There was one other important refinement that Jobs wanted for the iMac: getting rid of that detested CD
tray. “I’d seen a slot-load drive on a very high-end Sony stereo,” he said, “so I went to the drive manufacturers and got them to do a slot-load drive for us for the version of the iMac we did nine months later.”
Rubinstein tried to argue him out of the change. He predicted that new drives would come along that could burn music onto CDs rather than merely play them, and they would be available in tray form before they were made to work in slots. “If you go to slots, you will always be behind on the technology,” Rubinstein argued.
“I don’t care, that’s what I want,” Jobs snapped back. They were having lunch at a sushi bar in San Francisco, and Jobs insisted that they continue the conversation over a walk. “I want you to do the slot-load drive for me as a personal favor,” Jobs asked.

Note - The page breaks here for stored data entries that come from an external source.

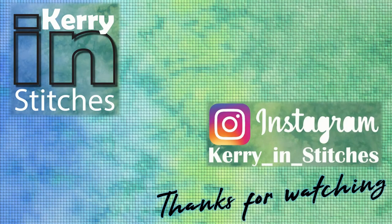Thanks for watching my channel and leaving me such great comments — they really do mean a lot. Thanks for all the likes and subscriptions. Don't forget to hit the bell to receive notifications of my new videos. Happy stitching!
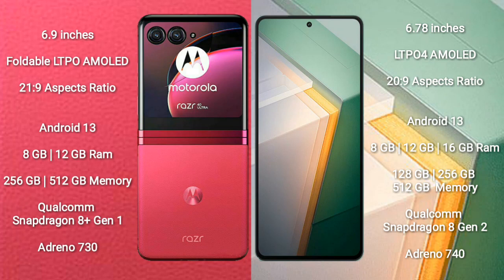Motorola Razer 40 Ultra runs on the Android 13 operating system. Vivo IQ 11 also runs on the Android 13 operating system.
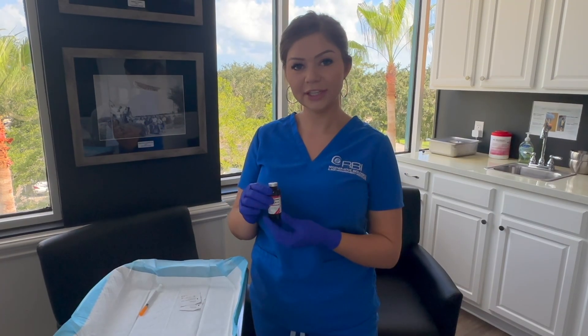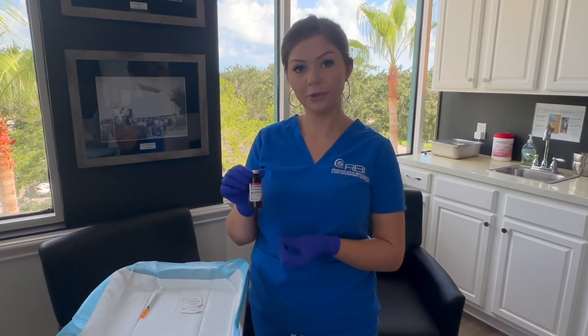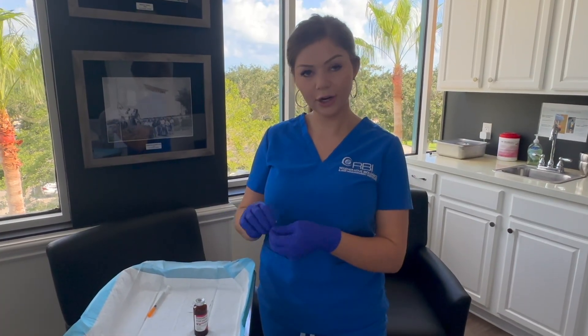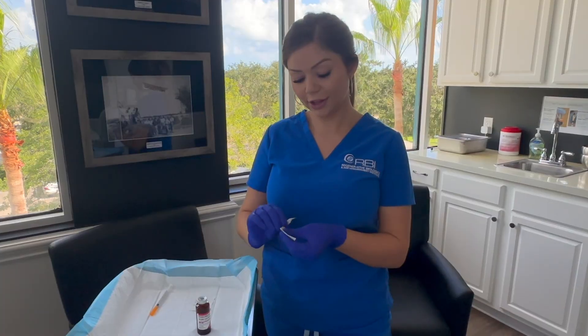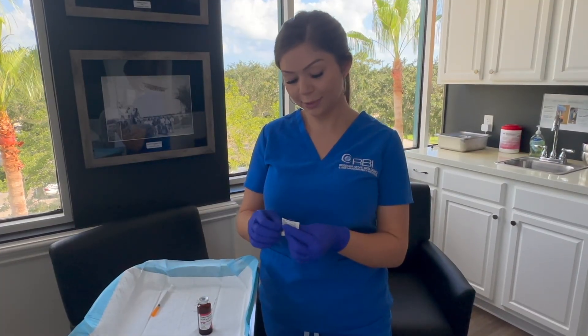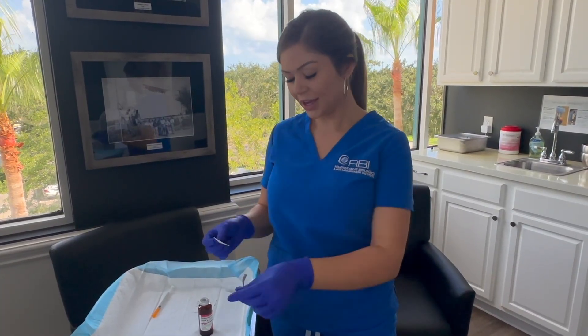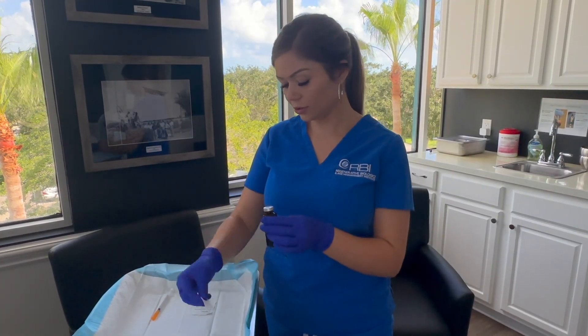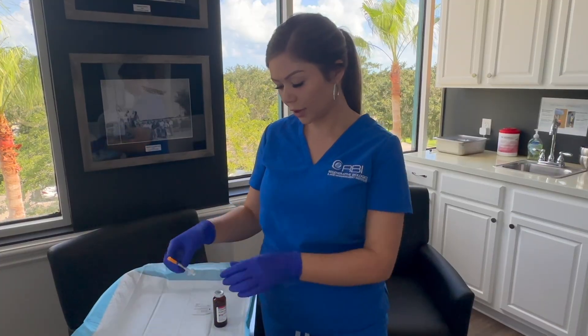I'm going to be explaining how to draw up your B12 medication. To start, you are going to want to wash your hands. I am wearing gloves since I'm here in the medical facility, but you don't have to do that at home. I'm going to cleanse the vial with the alcohol pad first. You can use regular alcohol and a cotton swab at home.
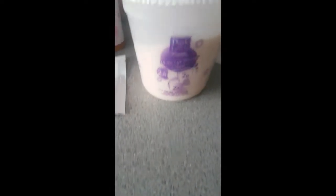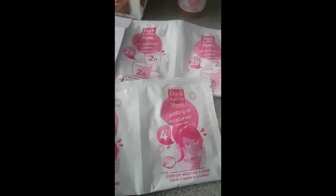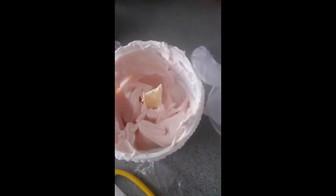Right guys, I'm just mixing the relaxer now. This is the cream relaxer and I need to mix it with the activator cream. I've got the gloves and instructions, the gel which I've already applied to my hair, and I've also got the neutralizing shampoo which I'll use when I rinse it out, and also the cuddling oil moisturizer. So let's get mixing.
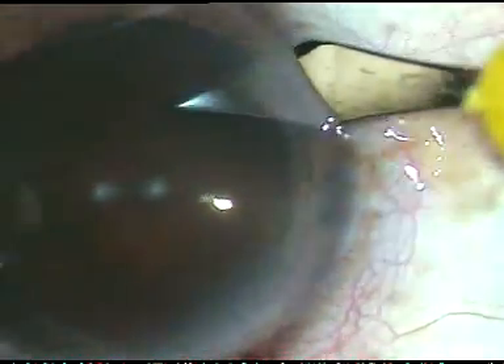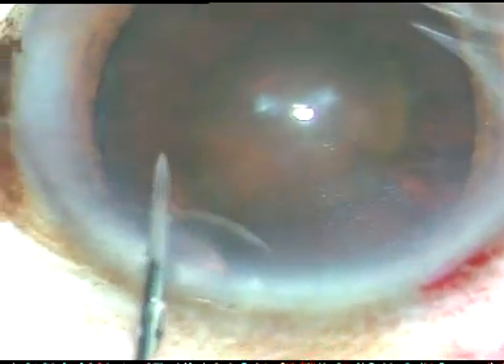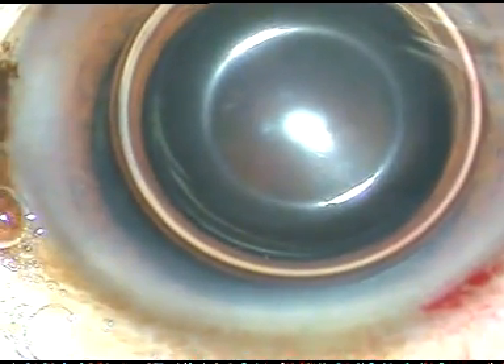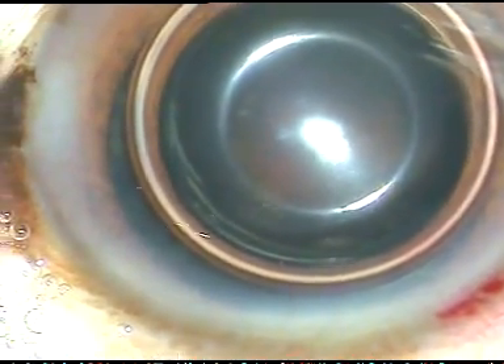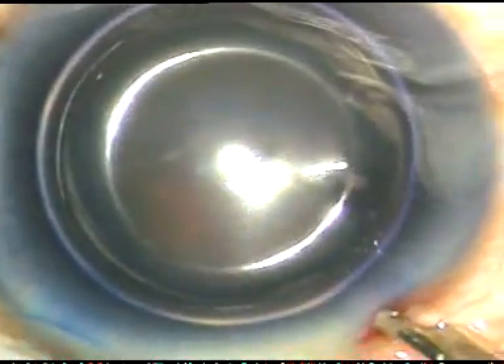By this time all the incisions have been made. Now I am going to inject a big air bubble in the anterior chamber. Trypan blue dye is being used to stain the anterior capsule so that rexis becomes easy. The dye is washed out.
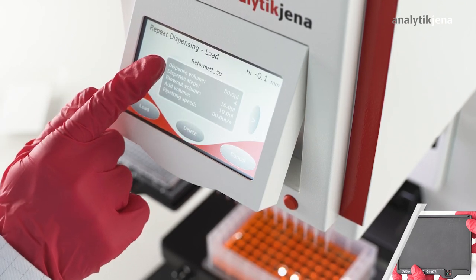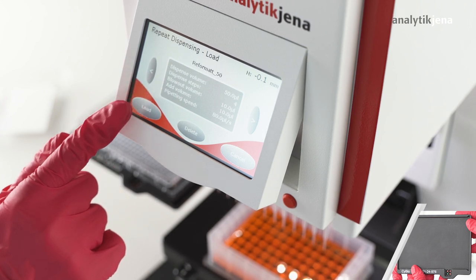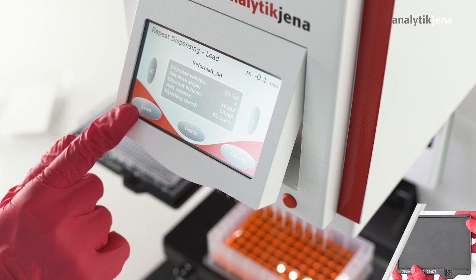The already individually created and saved method is loaded. In this example, an add-on volume of 10 µL is used and 50 µL liquid is dispensed in each of the four quadrants.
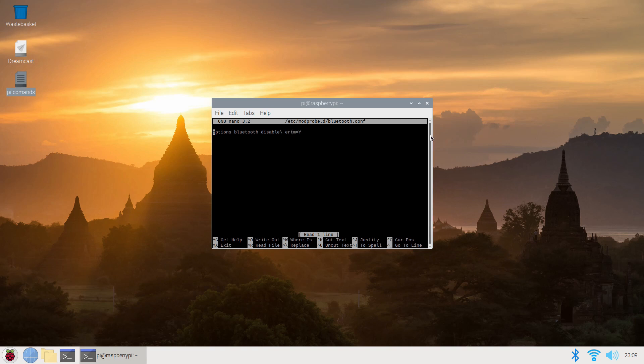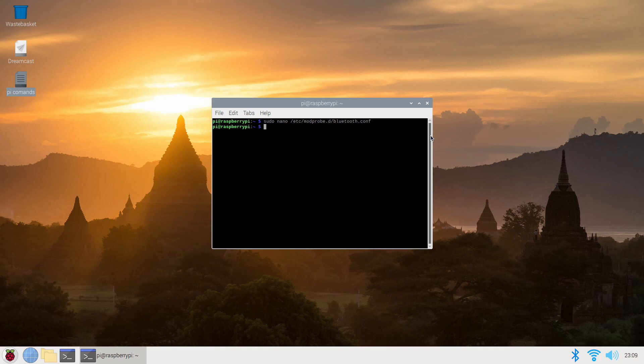All you have to do is press Control+X. Because you haven't done it before and you don't have that line in there, it's going to ask you if you want to save — press Y and then press Enter. That should bring you back to the terminal screen, and then you're going to want to do a reboot.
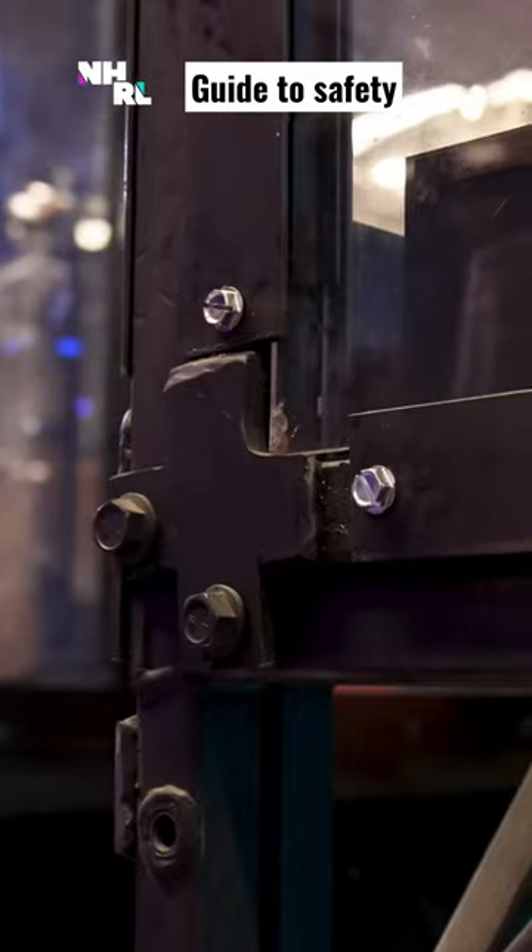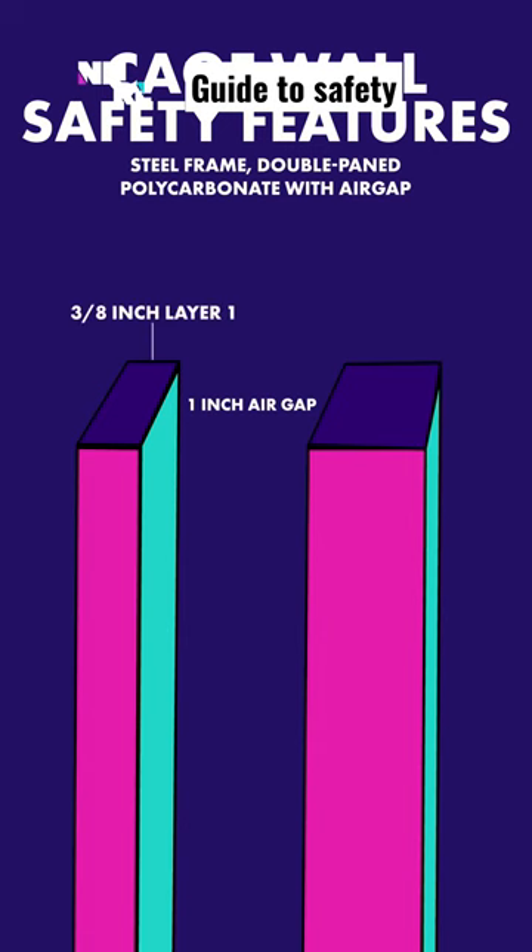The cage or arena here is double-paned polycarbonate. If the first inner layer doesn't stop a weapon, the outer layer certainly will.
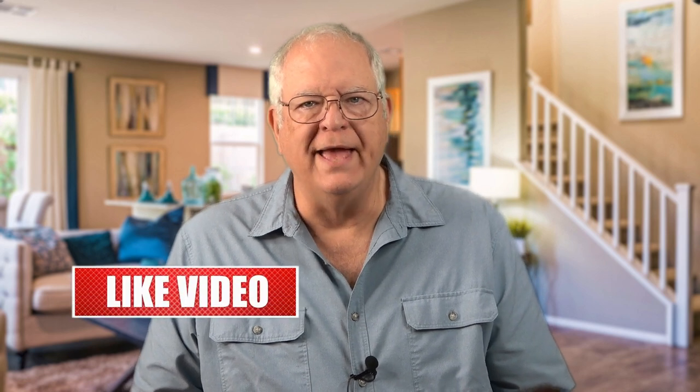Hi and welcome to the Gadget Talk channel, where we do reviews and how-to's on a variety of gadgets that catch my eye. If you find this video helpful, please like, comment, share, and subscribe to the Gadget Talk channel.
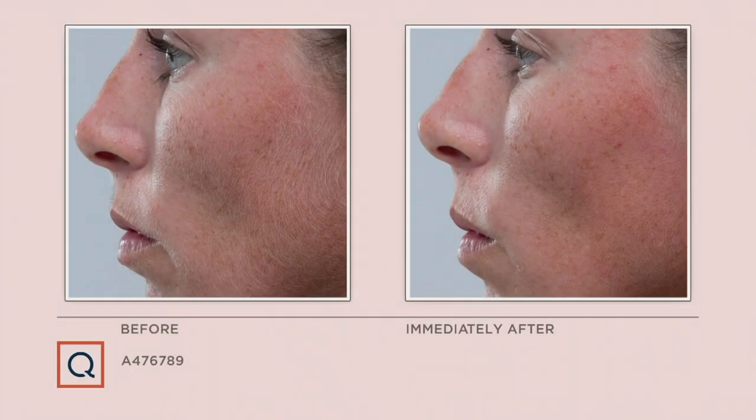We are going to show you a before and after. You just saw before and after on teeth — now we have before and after when it comes to unwanted hair. Facial hair. There's the before, and there's the immediately after.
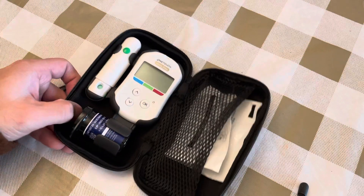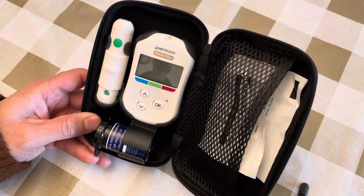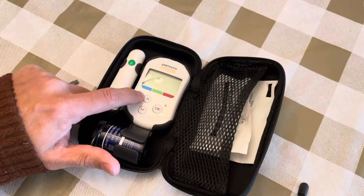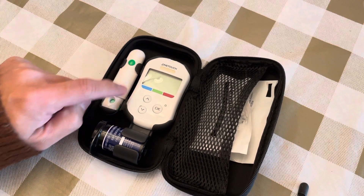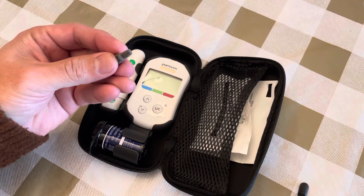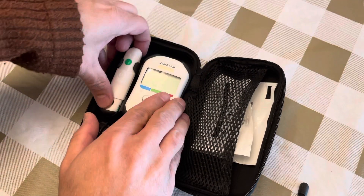This is the OneTouch Value Flex glucometer to check your blood sugar. It comes with the meter, the lancing device, the strips, and a pin — all in this pouch. Let's get started.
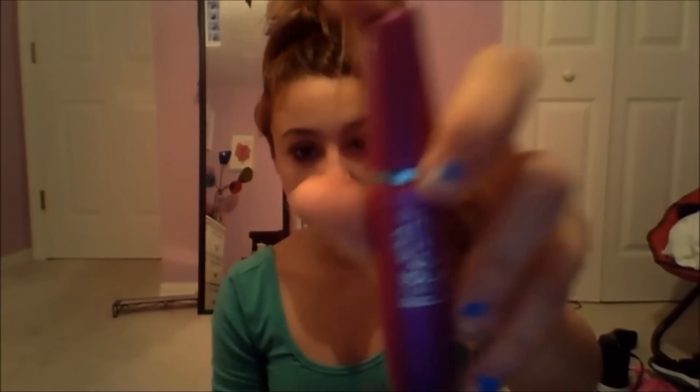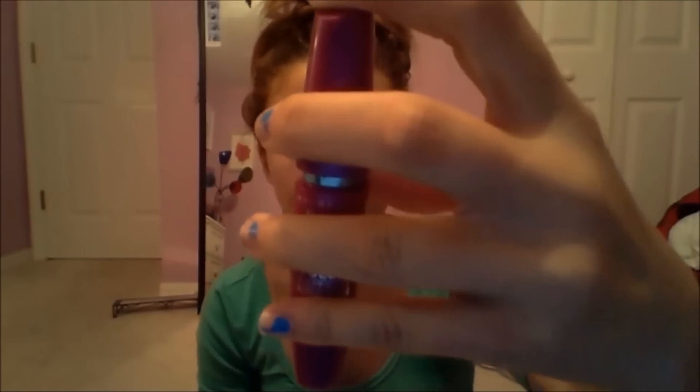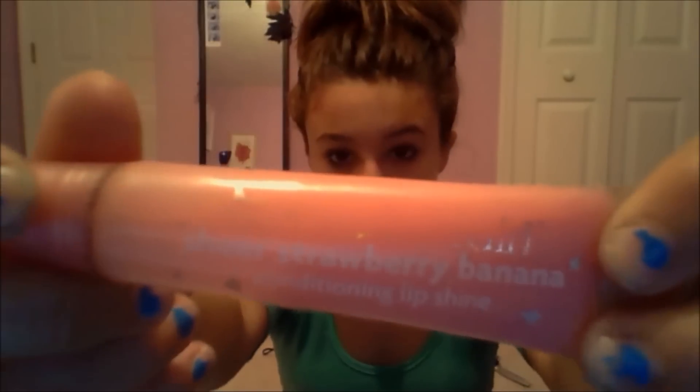The three beauty essentials I carry at all times: first is my mascara — this is the Maybelline New York Falsies Volume Express Mascara. I just love this mascara so much. The only thing I hate about it is that it smells really, really bad. If you can leave a comment below explaining why my mascara smells bad, please do. I also carry around my Sierra Strawberry Banana Conditioning Lip Shine — it literally smells like strawberries and bananas. It smells so good and I wear it all the time.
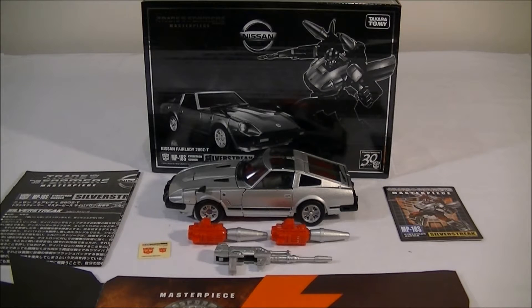Hey everyone, it's Kai from Cool Collectibles back again for another Takara Transformers Masterpiece review, this time MP18S Silver Streak.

Rubinstein agreed, of course, but he turned out to be right. Panasonic came out with a CD drive that could rip and burn music, and it was available first for computers that had old-fashioned tray loaders. The effects of this would ripple over the next few years: It would cause Apple to be slow in catering to users who wanted to rip and burn their own music, but that would then force Apple to be imaginative and bold in finding a way to leapfrog over its competitors when Jobs finally realized that he had to get into the music market.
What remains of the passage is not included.